As we weaved through the crowd to get as close as possible to Fidel, we noticed that many revellers wore red T-shirts with a quote from the Cuban leader imprinted on the back. Some had what is perhaps Che’s most famous slogan: ‘Hasta la victoria, siempre!’ It literally means ‘Until the victory, always,’ but the Spanish phrasing still has the power to inspire.
The labour leaders on the podium with Fidel were hitting their full-blown oratory when we finally found standing room. The little flags flapped noisily at various junctures. Fidel chatted with the people surrounding him, protecting him. When the labour leaders had finished, he stuck a familiar pose at the microphones. We were seeing living history. We were about to hear it, too, as would all of Cuba.
Famous for his long speeches, we could still hear him as we wandered the streets of old Havana. Big speakers placed at various street corners broadcast his voice. So did bullhorns on the roofs of vans and his words echoed off houses in other sections of the sprawling city of 2 million or more.
In a little park near our B & B, the vans blared the message to the cleaning woman resting near a statue of John Lennon sitting on a park bench. It would be heard by the Coppelia ice cream parlour attendant dishing up some of the finest helado in the Americas. Passers-by outside the Ambos Mundos hotel heard the famous voice through tinny speakers. So did wannebe novelists marvelling at Ernest Hemingway’s stand-up typewriter in his old room on the fifth floor. Even the mojito guzzlers at La Bodeguita and the daiquiri slurpers at El Floridita would be unable to escape Fidel as he interrupted a pretty good salsa band.
He was everywhere, the old revolutionist, the papa and grandpapa of the Cuban Revolution. Beard grey now and well trimmed.
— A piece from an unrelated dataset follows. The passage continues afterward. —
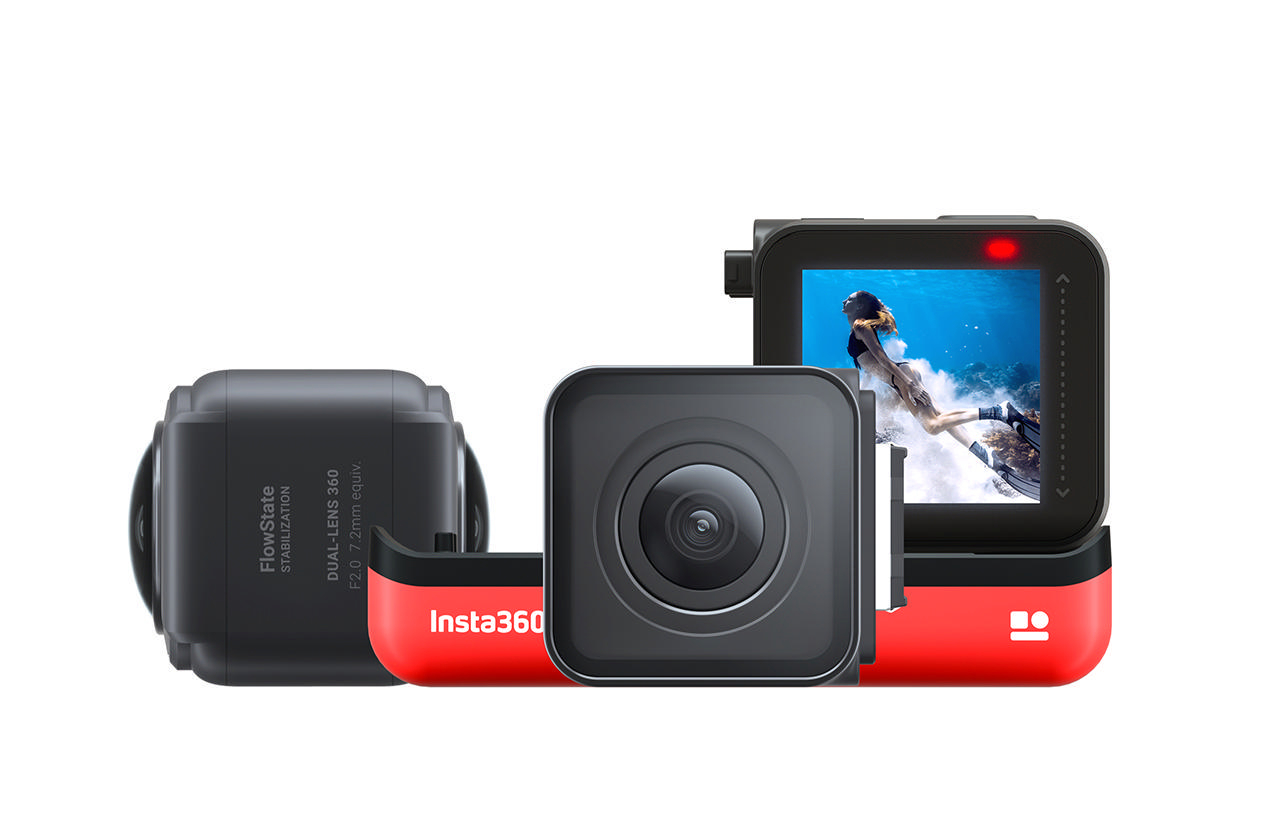 INSTA360 ONE R Twin Edition Dual Lens 360° Actioncam , WLAN, Touchscreen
Not like in the museum photos of him and Che training their ragtag army in Latin America or rousing the masses as they rode victorious into town after town in 1959, ousting the American puppet Batista and bringing freedom to six million mostly poverty-ridden Cubans (now about 11 million).
Che was never far from us that day. Photos of him were everywhere, always watching with those penetrating eyes below his firm brow and his lone-starred beret. We saw him in battle fatigues, smoking the ubiquitous Cuban, shooting a rifle and even playing golf. Back at the museum we had watched a fawning video of his life — Che leading the troops, making an inspiring speech to young people, condemning imperialism at the United Nations, labouring with workers in the cane fields and factories.
As we watched, we recalled a scene in The Motorcycle Diaries when the young Che decides to swim across a jungle river to be with the lepers instead of the nuns. It is a pivotal moment in the film and in Che’s life, and it was part of what inspired us to travel to Havana. [The more recent Che offers a five-hour biography of his years as a revolutionary, but back then there was something moving about the young man who, like many of us, hadn’t quite decided what his life should mean.]
When the video ended, we turned a final corner of the museum where we were confronted with another photo of Che. Remember the one where his eyes stare blankly into the camera as his CIA-trained Bolivian captors stand proudly behind his corpse? They are displaying him like a bagged game trophy. It is almost as if the authorities who ordered him killed are worried that he might be resurrected.
That May Day week we sensed that he had been momentarily revived in the minds of millions. We also sensed that his spirit still lived in the streets of Havana and, though struggling, the Revolution did too.
Ron Verzuh is a Vancouver writer. He visited Cuba during the Bush era. Since then, Fidel has fallen ill. His brother Raul is said to be making changes that could be good for all Cubans. Also, the Obama administration has announced some positive changes in the anti-Castro policies in place since the early 1960s. This may be cause for some celebration on May Day 2009 but there is still much left to do, starting with the release of the Cuban 5 and the lifting of a crippling decades-old trade embargo.